Of course, as we learned, there are things worse than being ignored and neglected. In March 1998, the director of the AFI, Jean Firstenberg, while still in negotiations with Montgomery County, Maryland to restore/reopen the Silver Theater in suburban Silver Spring, announced the closing of the theater, stating, “With video, pay per view, and satellite technologies, there’s just not a need to show repertory on a regular basis.”  In the wake of the resulting furor, the theater stayed open, but on a part-time basis, sharing with the Kennedy Center, and, with the stage extended, with a local theater group, sometimes out for a month, other times sneaking in three weeks of screening out of four.
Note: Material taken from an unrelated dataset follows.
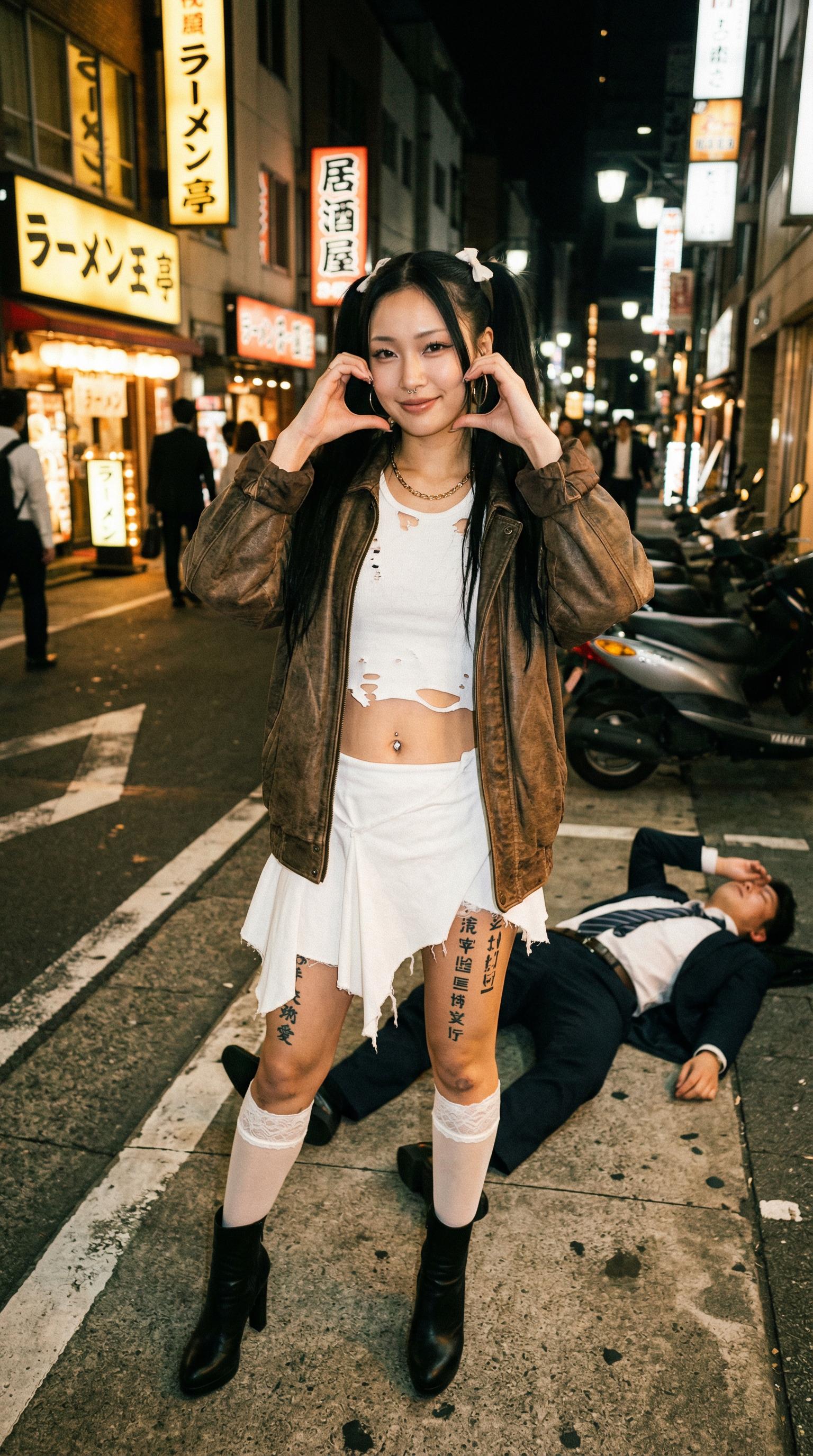 Night Street Heart Hands Unconscious Man Leather Jacket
And yet, despite the irregular programming, the last few years showed good-to-great box office, always with the yearly Latin American and European Union festivals; and in the last year a gigantic smash hit with a Kurosawa/Mifune festival, and an almost completely sold-out extended run of Russian Ark, probably the all-time house record.

Russian Ark

But with the long-delayed opening of the triplex Silver Theater in 2003, the handwriting was on the wall; all the emphasis, all the publicity, etc., shifted to the new kid. And when the Kennedy Center made its move the next year the AFI said, Oh, Ok, it’s their building – they just didn’t care.

The end came without announcement and without publicity on Halloween night in 2004. The last show was just a regular screening in that year’s European Union Film Showcase, Pupi Avati’s 2004 Christmas Rematch (La rivincita di Natale), and the audience only found out it was the finale when I announced it at the start of the show. I brought bottles of champagne myself – well, it was on sale – and our usher, Jackie, and two distinguished local film programming colleagues helped me pass it out.

I still think it was the best viewing venue for film I’ve seen – and I thought that before I was employed there.

And now it’s a children’s theater but this movie seat cover absolutely does the difference when taking about comfort.

 

Michael Jeck is adjunct professor of film history at George Mason University in Fairfax, Virginia, and writer of the text for the quarterly programs of Film Forum 2, New York since 1988. And he has been: an independent film distributor; programmer of the American Film Institute Theater; on-air host of international movies at Mhz-TV; and audio commentator on the DVDs and Blu-rays of Kurosawa’s Seven Samurai and Throne of Blood.